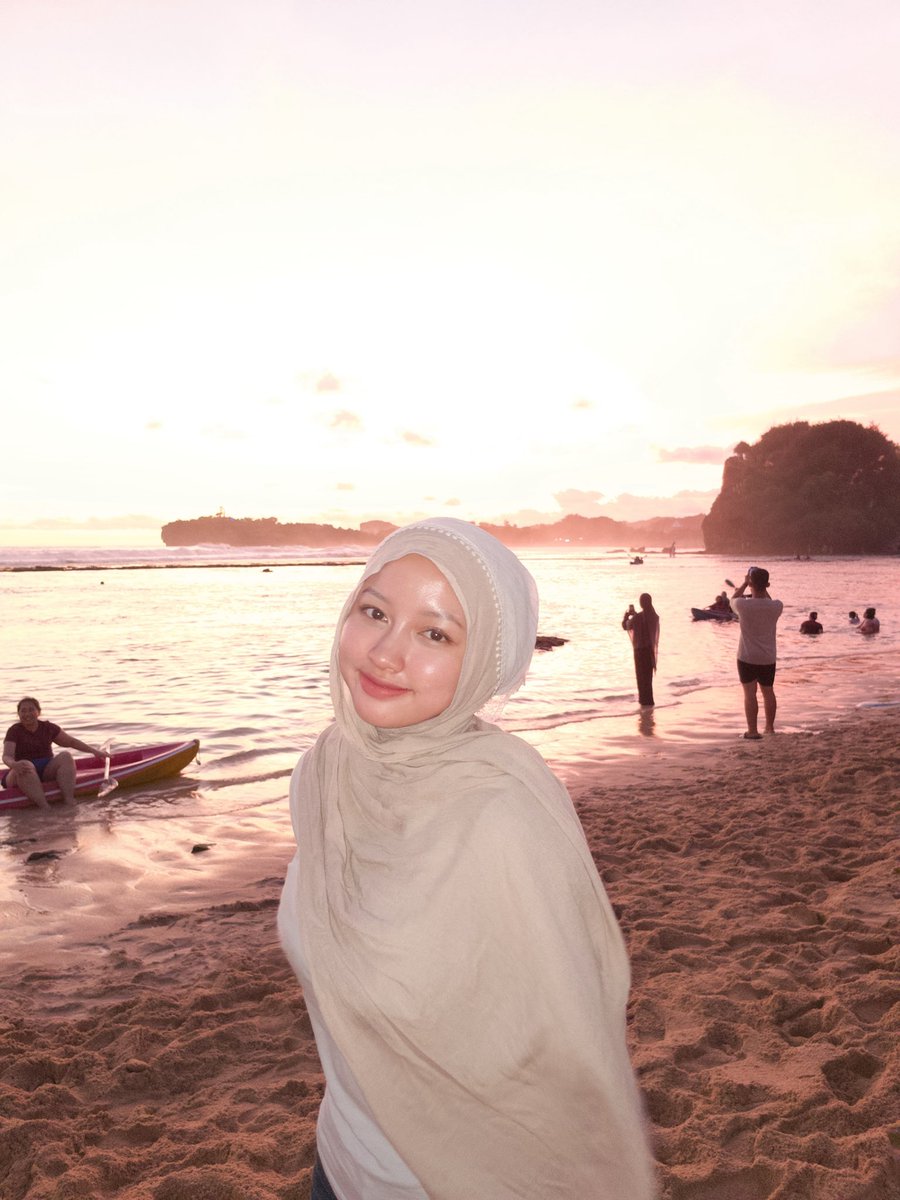 isa pls waras tweet media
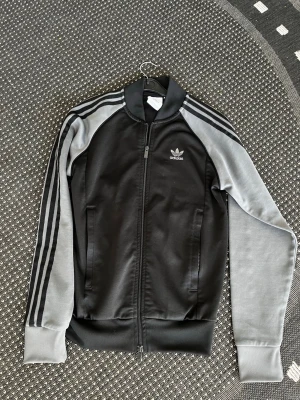 Hoodie  - Zip Hoodie från adidas, storlek xs,  Nypris 894 använd ett fåtal gånger .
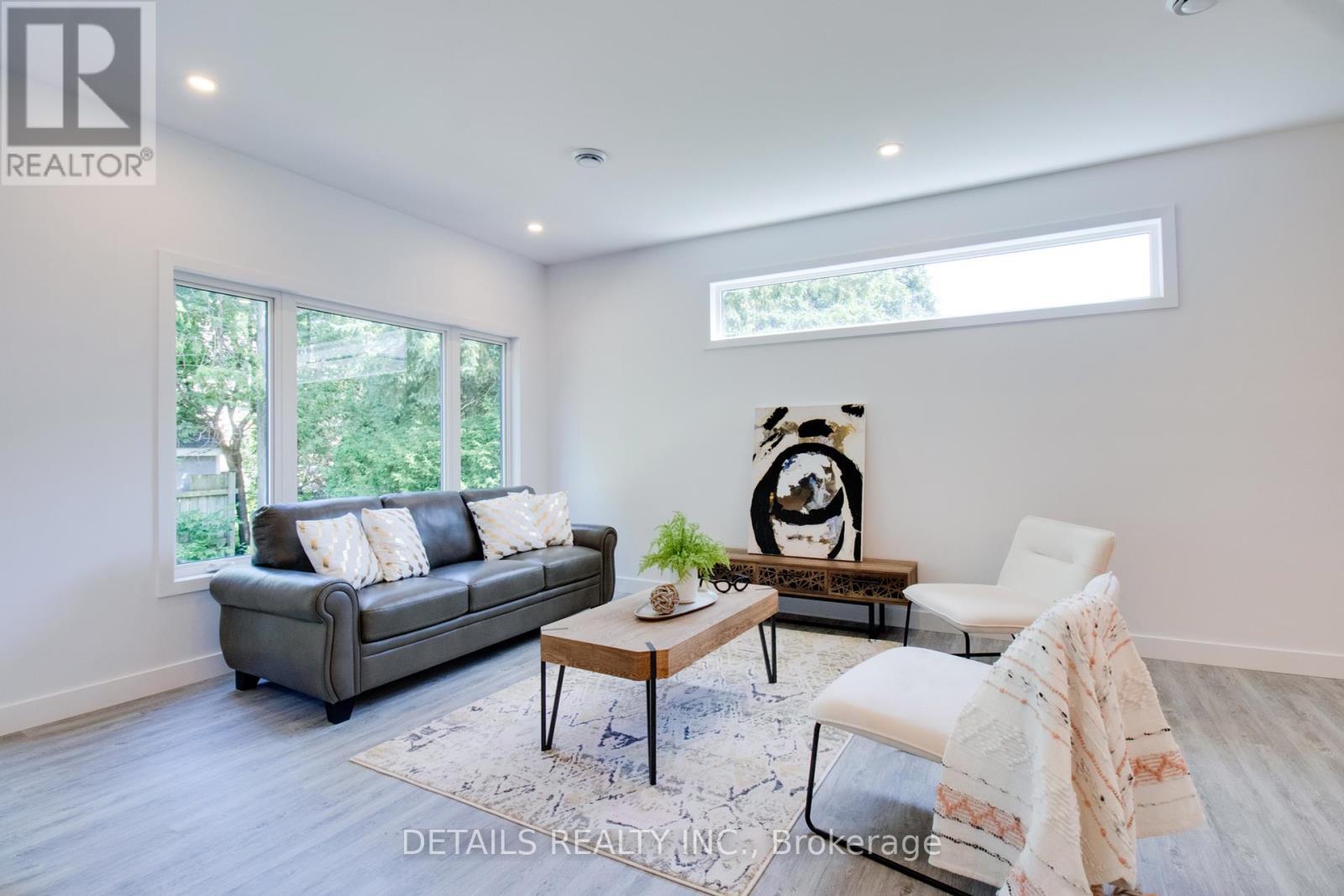 












828 MAPLEWOOD AVENUE

,
Ottawa,




Ontario
K2B5V5

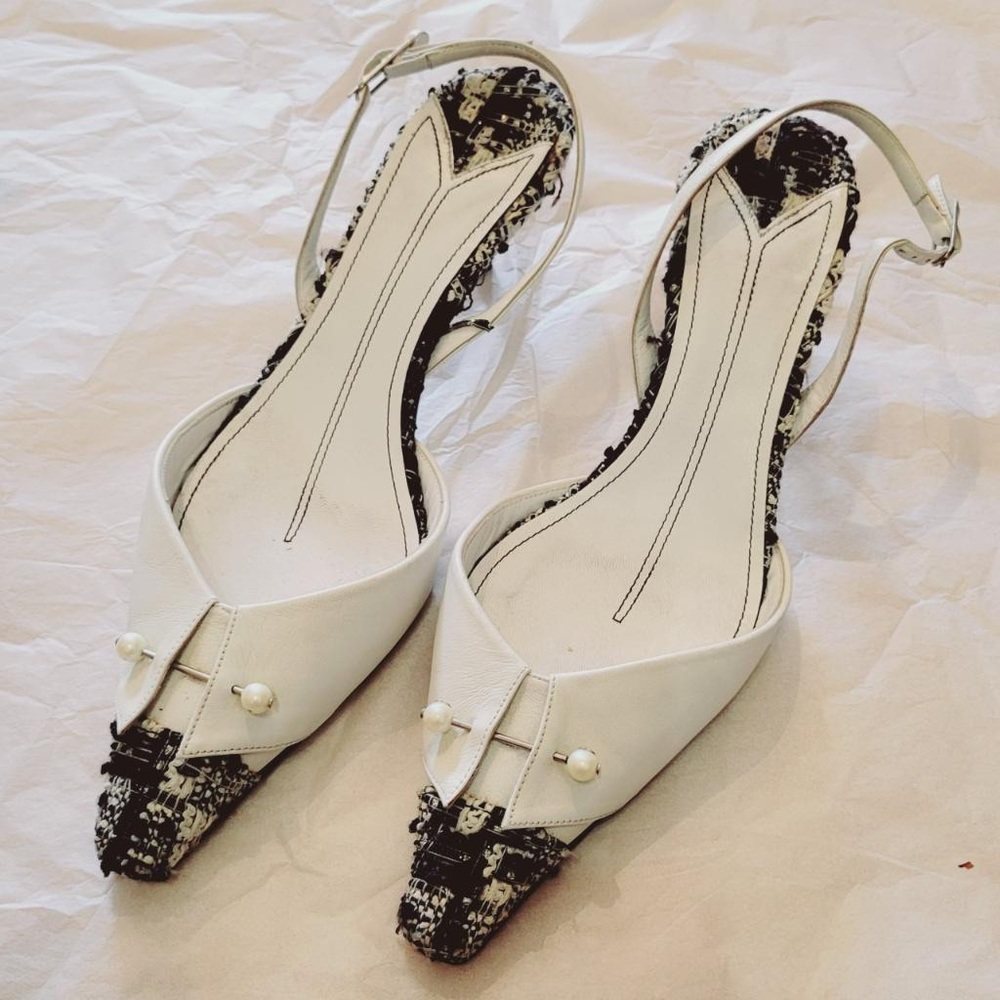 Vintage Chanel houndstooth sling back shoes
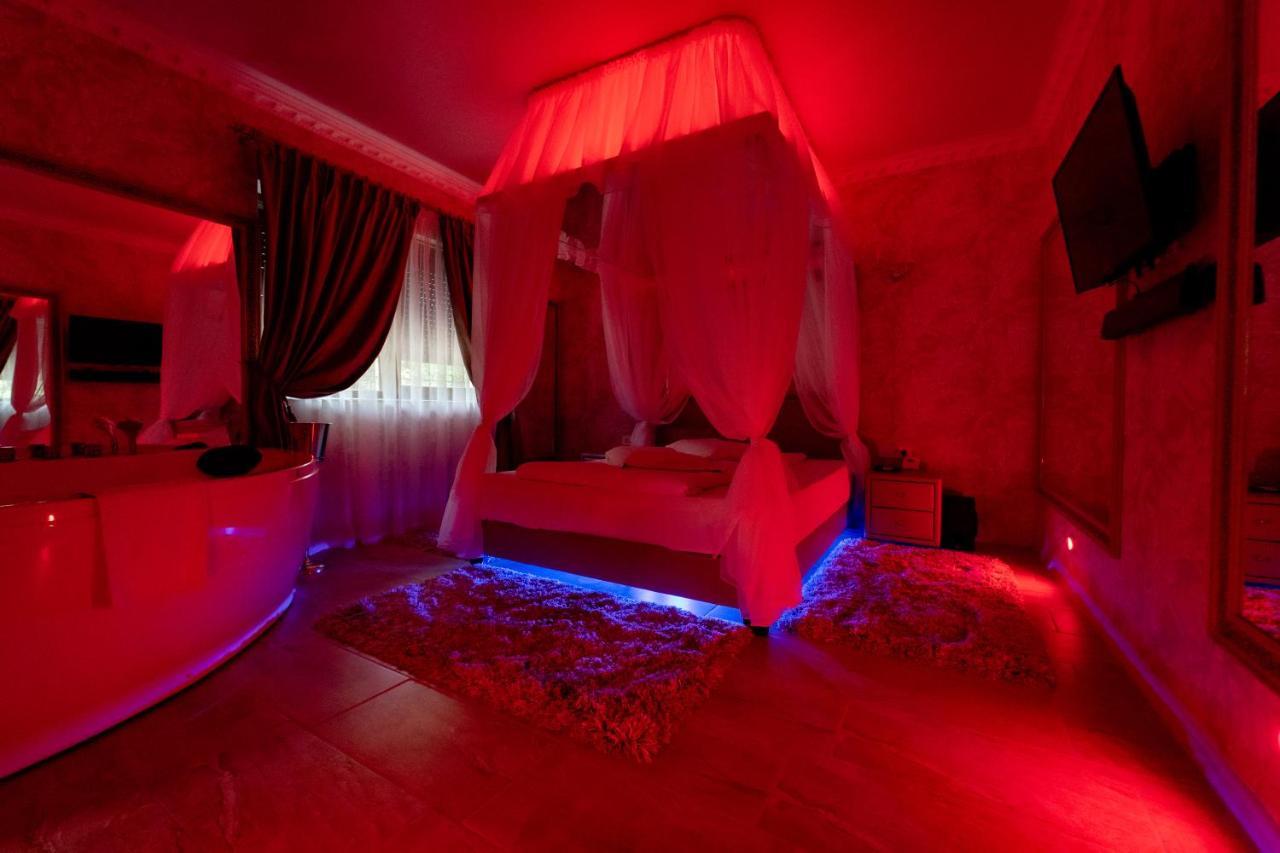 Anadi Boutique Only Adult Love hotel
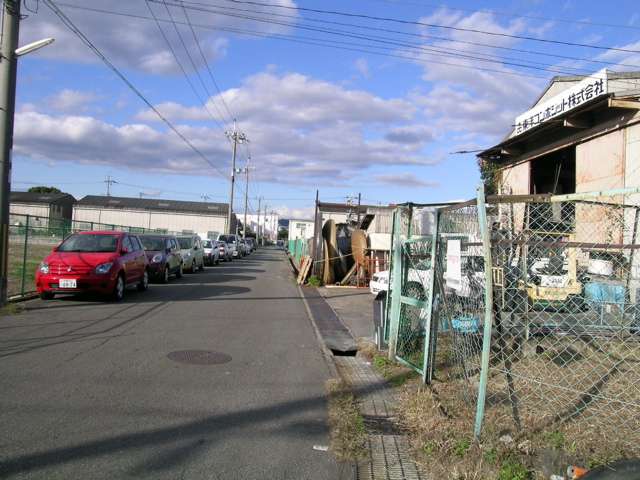 小さな町工場、倉庫が多く見られます。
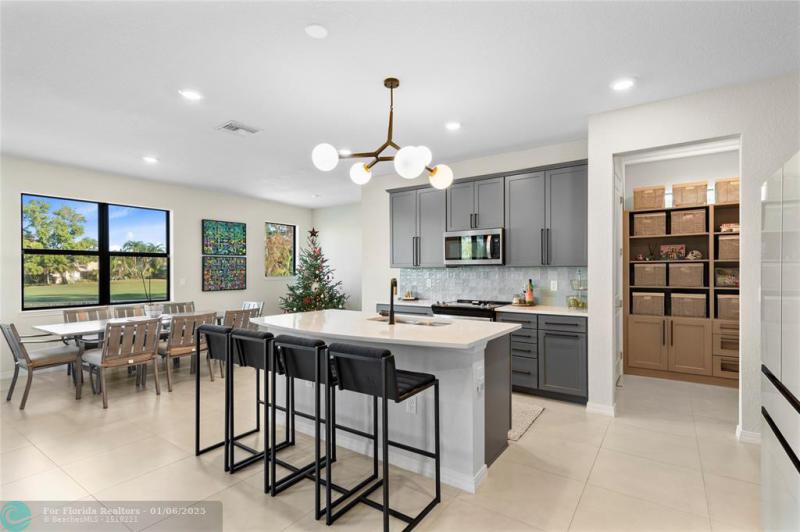  Single Family Homes Photo 5:  Tamarac,  FL 33321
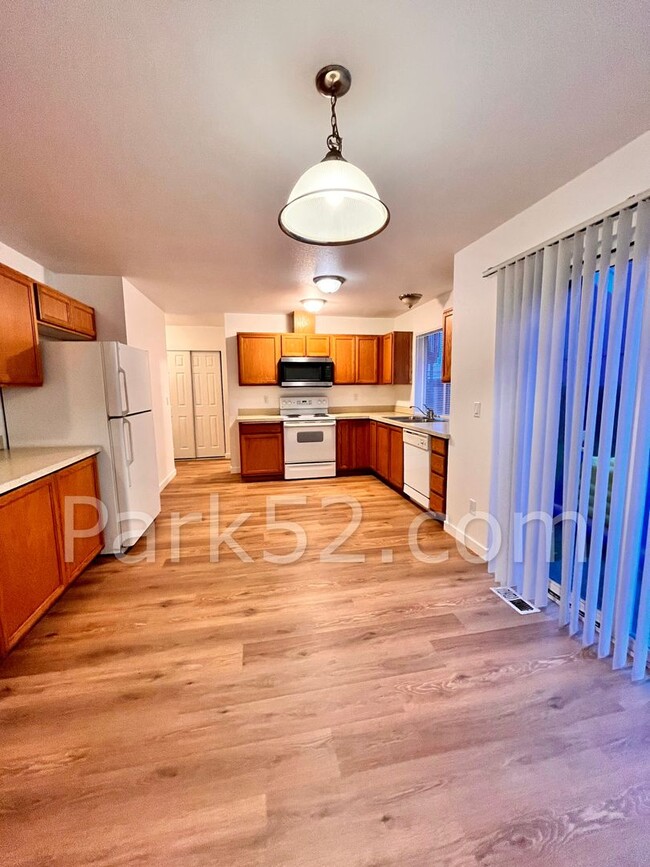 Building Photo - Remodeled 4 Bed 2.5 Bath Tacoma Single Fam...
^^^^
■ Your objective ■
Write the lines from the one with "Anadi Boutique Only Adult Love hotel" through the last line of the entries out again exactly, both ends included, and skip the pictures.

■ Finished task ■
 Anadi Boutique Only Adult Love hotel
 小さな町工場、倉庫が多く見られます。
  Single Family Homes Photo 5:  Tamarac,  FL 33321
 Building Photo - Remodeled 4 Bed 2.5 Bath Tacoma Single Fam...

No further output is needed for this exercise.